§ **What the exercise asks**:
The whole listing is to be restated word for word with no images.

§ **Information shown**:

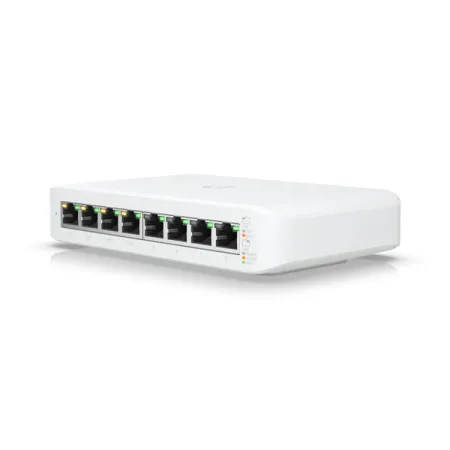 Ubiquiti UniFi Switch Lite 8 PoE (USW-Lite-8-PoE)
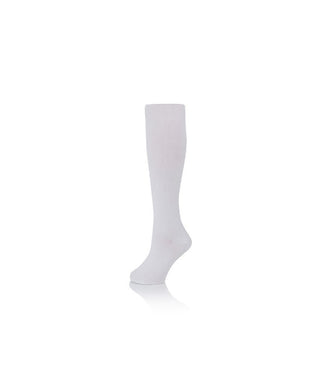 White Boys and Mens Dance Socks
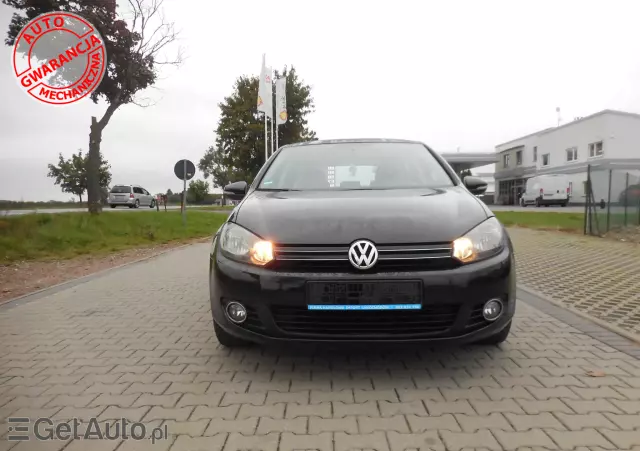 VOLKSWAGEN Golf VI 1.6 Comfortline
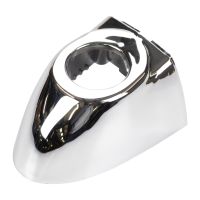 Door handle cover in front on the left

§ **Exercise solution**:
 Ubiquiti UniFi Switch Lite 8 PoE (USW-Lite-8-PoE)
 White Boys and Mens Dance Socks
 VOLKSWAGEN Golf VI 1.6 Comfortline
 Door handle cover in front on the left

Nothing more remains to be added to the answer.